Kürşat KARIŞMAZ


Z Kuşağında Rol Yapma Kültürü ve Sahte Kimlik İnşası Üzerine Bir Gözlem

Dijital çağ, kimliği artık yalnızca yaşanan bir şey olmaktan çıkarıp sergilenen bir şeye dönüştürdü. Hız, görünürlük ve sürekli onay ihtiyacı; özellikle Z kuşağı içinde belirli bir kesimde, benlik algısını daha kırılgan ve daha oynak bir zemine taşıyor. Bu kuşağın tamamını kapsayan bir durumdan değil; sosyal medyanın sunduğu sahneyi kimliğin önüne koyan bir eğilimden söz etmek gerekiyor.

Bu eğilimde olan bazı gençler için kimlik, bulunacak bir içsel denge değil; dışarıya sunulacak bir performans hâline geliyor. Dikkat çeken noktalardan biri, psikolojik bir rahatsızlığı ya da yoğun bir duygusal hâli, gerçek bağlamından koparıp bir kimlik unsuru gibi sahiplenme çabası. Burada mesele çoğu zaman gerçek bir hastalık deneyimi değil; anlaşılma, ilgi görme ve farklılaşma arzusunun ürettiği bir rol. Bu rol sorumluluklardan kaçmak için de seçilen tehlikeli bir yol.

Medya ve iletişim açısından bakıldığında ise bu durum, bireysel bir tercihten çok, algoritmalarla şekillenen bir görünürlük ekonomisinin sonucudur. Dijital mecralar; sade, dengeli ve sessiz hâlleri değil, dramatik, uç ve çarpıcı olanı öne çıkarır. Bu da bireyi, kendisini olduğu gibi ifade etmeye değil; daha çok etkileşim alacak hâle bürünmeye iter. Duygu, içerikleşir; kırılganlık, performansa dönüşür. İletişim artık anlam aktarmaktan ziyade dikkat çekme yarışına evrilirken, kimlik de bu yarışın malzemesi hâline gelir.

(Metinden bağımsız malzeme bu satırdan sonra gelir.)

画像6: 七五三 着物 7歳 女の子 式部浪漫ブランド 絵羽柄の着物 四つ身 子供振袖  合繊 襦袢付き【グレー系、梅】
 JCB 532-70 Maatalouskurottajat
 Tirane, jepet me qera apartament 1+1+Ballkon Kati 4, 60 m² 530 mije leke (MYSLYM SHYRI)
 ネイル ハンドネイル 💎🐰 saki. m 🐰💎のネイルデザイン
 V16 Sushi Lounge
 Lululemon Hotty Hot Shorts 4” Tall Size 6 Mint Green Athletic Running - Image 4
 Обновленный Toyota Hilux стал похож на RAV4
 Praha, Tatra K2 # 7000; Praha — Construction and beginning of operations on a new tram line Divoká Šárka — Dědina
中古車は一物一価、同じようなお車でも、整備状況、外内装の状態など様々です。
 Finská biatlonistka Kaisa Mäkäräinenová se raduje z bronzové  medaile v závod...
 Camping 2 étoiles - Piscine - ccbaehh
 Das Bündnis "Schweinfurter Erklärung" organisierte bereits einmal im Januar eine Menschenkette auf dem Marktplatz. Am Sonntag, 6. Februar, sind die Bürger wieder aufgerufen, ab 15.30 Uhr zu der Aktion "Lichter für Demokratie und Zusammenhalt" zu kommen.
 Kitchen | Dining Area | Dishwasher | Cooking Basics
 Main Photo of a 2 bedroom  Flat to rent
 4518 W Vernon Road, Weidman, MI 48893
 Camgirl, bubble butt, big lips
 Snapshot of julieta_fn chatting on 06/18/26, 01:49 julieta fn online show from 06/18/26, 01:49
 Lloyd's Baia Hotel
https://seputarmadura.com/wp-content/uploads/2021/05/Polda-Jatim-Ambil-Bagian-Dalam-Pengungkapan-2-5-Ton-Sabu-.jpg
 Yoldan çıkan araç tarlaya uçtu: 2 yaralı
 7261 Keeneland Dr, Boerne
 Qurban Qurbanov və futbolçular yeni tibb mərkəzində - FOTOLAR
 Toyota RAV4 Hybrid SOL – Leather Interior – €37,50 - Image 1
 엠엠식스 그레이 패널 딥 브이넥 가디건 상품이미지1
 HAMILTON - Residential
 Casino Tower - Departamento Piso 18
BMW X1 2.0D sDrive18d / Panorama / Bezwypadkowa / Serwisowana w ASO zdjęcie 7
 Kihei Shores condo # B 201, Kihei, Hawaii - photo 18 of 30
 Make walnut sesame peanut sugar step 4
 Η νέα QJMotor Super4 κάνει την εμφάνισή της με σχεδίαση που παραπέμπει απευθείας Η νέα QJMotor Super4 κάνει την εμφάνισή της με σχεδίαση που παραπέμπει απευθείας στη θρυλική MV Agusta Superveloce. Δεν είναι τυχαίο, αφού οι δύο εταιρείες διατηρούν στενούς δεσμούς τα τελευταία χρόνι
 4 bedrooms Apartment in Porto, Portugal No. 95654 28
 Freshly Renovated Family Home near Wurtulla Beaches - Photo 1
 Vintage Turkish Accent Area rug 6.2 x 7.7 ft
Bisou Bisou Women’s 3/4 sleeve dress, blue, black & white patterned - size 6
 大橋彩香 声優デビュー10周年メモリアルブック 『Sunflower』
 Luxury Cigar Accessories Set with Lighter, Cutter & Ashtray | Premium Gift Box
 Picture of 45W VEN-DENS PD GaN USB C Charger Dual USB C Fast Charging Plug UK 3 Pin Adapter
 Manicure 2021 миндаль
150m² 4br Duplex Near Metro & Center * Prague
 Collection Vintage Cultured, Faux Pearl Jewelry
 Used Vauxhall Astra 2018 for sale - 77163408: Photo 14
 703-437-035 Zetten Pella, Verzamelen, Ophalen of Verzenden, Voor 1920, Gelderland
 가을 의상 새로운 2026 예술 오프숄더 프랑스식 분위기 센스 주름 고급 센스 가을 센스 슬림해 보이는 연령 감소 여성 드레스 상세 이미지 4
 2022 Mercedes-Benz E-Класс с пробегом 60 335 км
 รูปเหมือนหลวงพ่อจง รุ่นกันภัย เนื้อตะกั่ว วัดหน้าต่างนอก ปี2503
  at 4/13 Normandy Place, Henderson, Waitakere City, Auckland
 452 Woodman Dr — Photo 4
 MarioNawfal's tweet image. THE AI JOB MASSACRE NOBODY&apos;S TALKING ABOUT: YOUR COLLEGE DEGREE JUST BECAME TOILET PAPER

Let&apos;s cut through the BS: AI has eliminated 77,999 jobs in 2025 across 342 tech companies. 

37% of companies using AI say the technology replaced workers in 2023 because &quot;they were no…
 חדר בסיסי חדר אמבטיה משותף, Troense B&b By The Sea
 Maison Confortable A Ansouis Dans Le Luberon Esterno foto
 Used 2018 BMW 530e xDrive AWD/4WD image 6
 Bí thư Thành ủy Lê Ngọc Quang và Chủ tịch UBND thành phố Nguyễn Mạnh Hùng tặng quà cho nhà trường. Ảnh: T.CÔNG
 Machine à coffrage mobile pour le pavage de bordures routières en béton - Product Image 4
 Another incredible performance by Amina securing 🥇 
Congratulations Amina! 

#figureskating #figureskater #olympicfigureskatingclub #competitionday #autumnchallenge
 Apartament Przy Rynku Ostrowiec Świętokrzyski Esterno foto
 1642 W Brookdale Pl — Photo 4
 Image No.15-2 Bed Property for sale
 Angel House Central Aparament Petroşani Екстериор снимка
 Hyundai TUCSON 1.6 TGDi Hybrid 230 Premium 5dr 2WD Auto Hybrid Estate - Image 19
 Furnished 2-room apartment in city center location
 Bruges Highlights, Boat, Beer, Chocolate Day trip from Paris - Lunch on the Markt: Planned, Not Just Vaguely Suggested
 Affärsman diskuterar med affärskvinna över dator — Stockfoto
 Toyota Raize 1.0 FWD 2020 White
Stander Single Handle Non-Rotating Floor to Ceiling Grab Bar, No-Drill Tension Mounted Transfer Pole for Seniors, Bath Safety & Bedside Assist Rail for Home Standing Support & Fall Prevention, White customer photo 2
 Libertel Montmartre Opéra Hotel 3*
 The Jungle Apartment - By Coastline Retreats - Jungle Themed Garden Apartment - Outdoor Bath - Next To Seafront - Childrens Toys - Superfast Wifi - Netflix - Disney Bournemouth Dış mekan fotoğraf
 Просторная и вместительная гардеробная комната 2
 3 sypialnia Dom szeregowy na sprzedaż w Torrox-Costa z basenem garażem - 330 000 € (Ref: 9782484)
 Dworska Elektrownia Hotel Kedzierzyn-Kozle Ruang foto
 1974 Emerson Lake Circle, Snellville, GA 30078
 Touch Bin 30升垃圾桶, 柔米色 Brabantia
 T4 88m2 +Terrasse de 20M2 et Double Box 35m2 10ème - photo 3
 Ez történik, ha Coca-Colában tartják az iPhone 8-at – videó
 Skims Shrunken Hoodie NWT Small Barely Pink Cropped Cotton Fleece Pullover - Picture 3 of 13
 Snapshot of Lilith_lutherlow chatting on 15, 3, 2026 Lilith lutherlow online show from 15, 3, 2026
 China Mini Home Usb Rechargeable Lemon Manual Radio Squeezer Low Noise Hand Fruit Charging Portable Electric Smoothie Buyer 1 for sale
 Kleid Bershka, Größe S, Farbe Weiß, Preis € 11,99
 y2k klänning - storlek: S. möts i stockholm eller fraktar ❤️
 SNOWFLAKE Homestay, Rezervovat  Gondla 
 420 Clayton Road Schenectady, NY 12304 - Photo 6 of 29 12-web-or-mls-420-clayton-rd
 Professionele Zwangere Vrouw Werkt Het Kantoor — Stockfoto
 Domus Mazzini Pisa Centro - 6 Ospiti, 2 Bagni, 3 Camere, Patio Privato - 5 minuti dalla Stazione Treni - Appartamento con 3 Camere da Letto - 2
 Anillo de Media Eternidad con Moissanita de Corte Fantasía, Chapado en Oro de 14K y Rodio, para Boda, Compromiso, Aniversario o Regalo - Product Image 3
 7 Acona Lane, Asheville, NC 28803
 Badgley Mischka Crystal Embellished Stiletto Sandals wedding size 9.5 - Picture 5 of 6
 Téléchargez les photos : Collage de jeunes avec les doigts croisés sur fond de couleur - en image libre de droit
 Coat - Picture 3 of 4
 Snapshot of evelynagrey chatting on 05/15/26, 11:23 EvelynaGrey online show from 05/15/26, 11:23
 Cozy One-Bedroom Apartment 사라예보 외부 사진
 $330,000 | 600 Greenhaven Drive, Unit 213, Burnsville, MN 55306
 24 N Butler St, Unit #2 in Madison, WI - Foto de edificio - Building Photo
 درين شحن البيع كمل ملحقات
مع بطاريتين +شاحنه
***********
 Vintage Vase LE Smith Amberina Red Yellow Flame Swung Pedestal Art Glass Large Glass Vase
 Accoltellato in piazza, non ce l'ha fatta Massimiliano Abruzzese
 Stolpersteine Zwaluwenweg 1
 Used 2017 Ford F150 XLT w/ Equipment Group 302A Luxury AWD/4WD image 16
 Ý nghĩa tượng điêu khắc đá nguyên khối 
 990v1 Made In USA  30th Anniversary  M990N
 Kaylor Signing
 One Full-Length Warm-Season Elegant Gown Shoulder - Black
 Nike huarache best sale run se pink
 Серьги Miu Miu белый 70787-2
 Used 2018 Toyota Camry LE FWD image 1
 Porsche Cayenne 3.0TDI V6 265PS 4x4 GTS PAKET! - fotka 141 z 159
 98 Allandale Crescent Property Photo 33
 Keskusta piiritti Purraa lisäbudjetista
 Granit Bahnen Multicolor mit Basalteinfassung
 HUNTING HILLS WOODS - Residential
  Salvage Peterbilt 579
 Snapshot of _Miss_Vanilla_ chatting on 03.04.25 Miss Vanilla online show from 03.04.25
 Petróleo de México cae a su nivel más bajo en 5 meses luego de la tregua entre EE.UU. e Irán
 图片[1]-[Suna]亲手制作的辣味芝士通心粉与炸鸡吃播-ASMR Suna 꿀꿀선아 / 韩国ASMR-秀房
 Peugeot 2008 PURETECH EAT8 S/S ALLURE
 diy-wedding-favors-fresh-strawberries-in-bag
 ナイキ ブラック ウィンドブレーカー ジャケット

Narsisizm, anksiyete, depresyon ve borderline gibi kavramlar; yaşanmış ve derinlikli süreçlerin adı olmaktan çıkıp, sosyal medyada taşınabilen etiketlere dönüşebiliyor. Kişi ne hissettiğini anlamaya çalışmak yerine, nasıl hissetmesi “gerektiğini” oynuyor. Böylece gerçek benliğin yanına, daha dramatik ve daha görünür bir yan benlik ekleniyor, hatta bu hastalıkların arasında adeta bir maymunun daldan dala sıçraması gibi geçerlilik durumuna göre içerisinde bulunulan duruma uygun bir “rahatsızlık” seçiliyor.

Bu durum, bireysel bir tercihten öte, kolektif bir gösterinin parçası hâline geliyor. Sosyal medya, herkesin kendi sahnesini kurduğu bir alan. Duyguların abartıldığı, kırılganlığın estetikleştirildiği, hayatın bir anlatıya dönüştürüldüğü bir alan. Başlangıçta “mış gibi” yapılan duygular, tekrar edildikçe içselleşiyor. Rol ile gerçek arasındaki sınır belirsizleşiyor; kişi zamanla rolü oynamıyor, role dönüşüyor.

Bu tabloya eşlik eden bir başka eğilim ise, emek vermeden, süreçten geçmeden, yalnızca güçlü insanlara tutunarak ya da kendini başkalarının amaçları doğrultusunda kullandırarak bir yere gelme isteği. Bu da aynı performans kültürünün başka bir yansıması. Kendi üretimini, becerisini ya da içsel gelişimini inşa etmek yerine; başkalarının konumundan, çevresinden veya görünürlüğünden pay alma çabası. Kısa vadede sonuç üretiyor gibi görünen bu yol, uzun vadede kişiyi içi boş bir kimlikle baş başa bırakıyor. Çünkü emekle inşa edilmeyen hiçbir şey, kişiye gerçek bir değer ya da aidiyet duygusu kazandırmıyor.

Elbette bu tablo, Z kuşağının tamamına ait değil. Aksine; bu kuşağın içinde sessizce üreten, derinleşen, kendini gerçekten tanımaya çalışan ve bu gürültünün dışında kalmayı seçen çok sayıda insan da var. Ancak rol yapma kültürü, özellikle görünürlüğü merkeze alan bir kesimde, kimlik ile performans arasındaki çizgiyi tehlikeli biçimde inceltiyor.

Belki de asıl soru şu: İnsan gerçekten kim olduğunu mu arıyor, yoksa oynadığı rolün onaylanmasını mı?